For the last three weeks I’ve accidentally managed to catch each episode of ‘Grandma’s House’, the new BBC2 sitcom starring Amstell and co-written by himself and Dan Swimer. It’s on at a good time for me, 10pm on a Monday, right after ‘Dragon’s Den’ on a night when I’m doing all the things I told myself I’d do on the weekend. I’m sure that’s why I’ve seen every episode so far and nothing at all to do with some latent lingering celeb-crush.

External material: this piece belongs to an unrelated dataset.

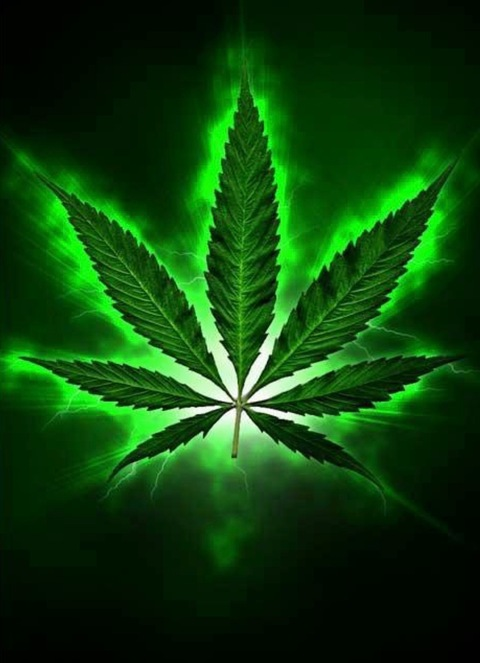 Bluntman420 @ssjdog cover picture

Yes, that sounds plausible.
Ironically, last night’s episode features Simon (the character, not the actual person) with his own celeb-crush on a serious thespian, played with hilarious unintelligibility by rising star Iwan Rheon (Misfits, Spring Awakening). Rheon’s character, Ben, finds himself sipping tea with Simon’s mad family via his old drama teacher (Pam Ferris) who, as it turns out, instructed Simon’s mother (the amazing Rebecca Front) years ago. Cue plenty of luvvie behaviour and send ups of drama school speak: “You have to reveal yourself…or it’s death” or “[Acting] takes years, you can’t just plough in like a rapist.” I felt like I was back at RADA.
In this third episode of the series I detected a real sense of the show finding its feet. The central characters have been established, we know the set up, and now everyone’s getting down to the important business of making me laugh. Which they succeeded at. Several times.
Much has been made of the theory that the show features so many brilliant comic actors to disguise the fact Amstell himself can’t act, that he’s essentially just being himself with a script while Front, Linda Bassett, James Smith, et al do the heavy lifting. Well if that’s true, so what? That didn’t stop Jerry Seinfeld from having a successful, funny, ground-breaking sitcom in the 90s.
So keep up the quality work team GH – so far so good. And Simon…see you at Popstarz?